Why Decluttering Fails? 5 Challenges

10 Aug 2015

It is probably easier to declutter things rather than relationships, and tasks and responsibilities. Or so I think. A quick Google search reveals tons of resources (e.g., online articles, books) on this topic. No matter how informative and seemingly useful the decluttering tips may be, the real test comes when you try to apply them in your specific contexts.

Personally, I had tried decluttering a few times over the years, only with limited successes. What are 5 key challenges for me?

Challenge 1: “What if, I need this in future.”

Personal Thoughts: What if, I need to refer to the old university textbooks? What if, I decide to design some greeting cards with the colouring materials? What if, I need these plastic containers to keep cookies as gifts for friends?

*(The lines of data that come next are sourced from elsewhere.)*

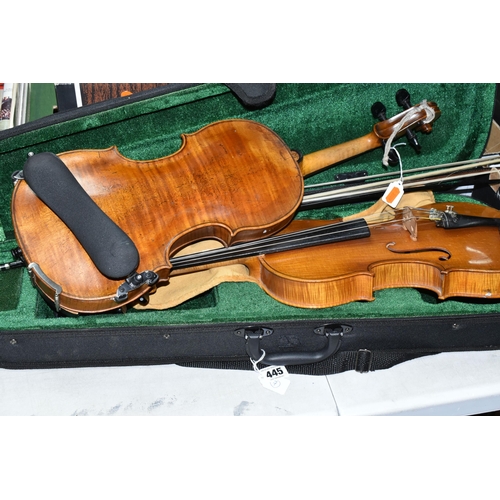 445 - TWO VIOLINS, comprising a late 19th/early 20th century violin (possibly German) with an ebony chin r... 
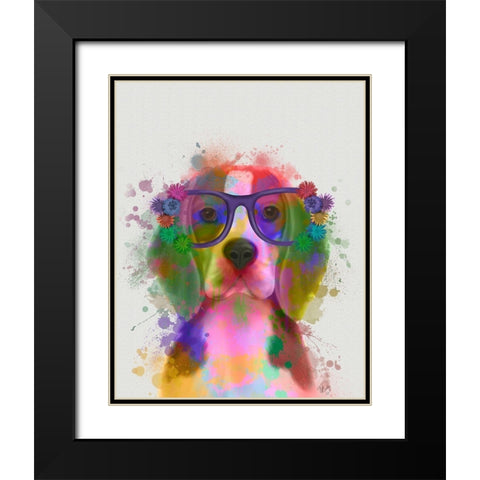 Beagle Rainbow Splash 2 Black Modern Wood Framed Art Print with Double Matting by Fab Funky
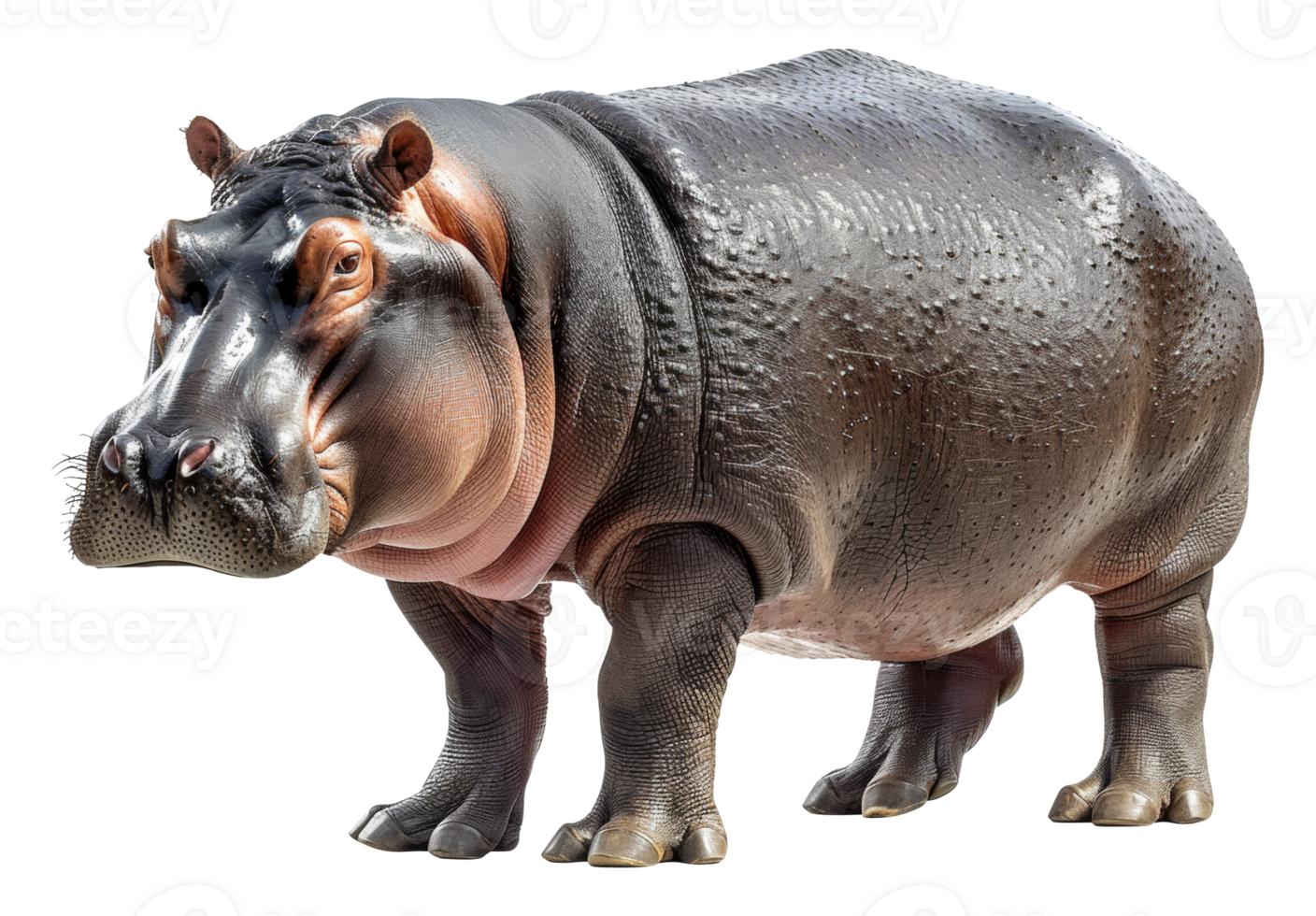 AI generated Majestic hippopotamus standing with powerful presence on transparent background - stock png. png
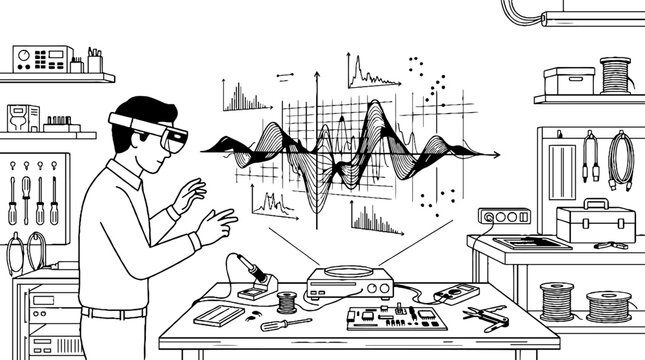 Engineer wearing virtual reality headset analyzing holographic data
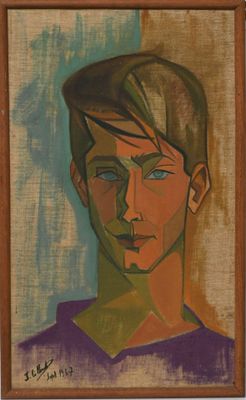 an image of a painting of a man in a purple shirt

Personal Solutions: Can the items be obtained conveniently with minimal cost should “What If” become a reality? The answer should be obvious for most common items. E.g., information from old textbooks can probably be found in library books and online resources (not forgetting to highlight that the information from old textbooks will likely become obsolete over time); colouring materials and plastic containers are not costly and can easily be bought if you ever need them.

Challenge 2: “How can I throw away gifts from family and friends?”

Personal Thoughts: I feel guilty throwing away the greeting cards (i.e., well wishes) from others. What if they know that I do not keep their gifts (e.g., photo frames, ornaments)? These gifts are memories of life experiences.

Personal Solutions: Will the gifts be more useful to others? If you have thoughts of decluttering the item, it is probably not of much use to you. Will it therefore be more meaningful to donate the items to others who may want it more? Also, do the gifts really constitute memories of your life experiences? Memorable moments in life probably do not depend on actual physical triggers. Anyway, if you insist, can the physical objects be replaced with images? (Note: I chose to store photo images of tons of cards before I disposed them and kept just a few which are personally more meaningful.)

Challenge 3: “It’s such a waste to give it away.”

Personal Thoughts: I spent $$ on these framed puzzles, how can I give them away? This shirt is still in good condition, how can I throw it away?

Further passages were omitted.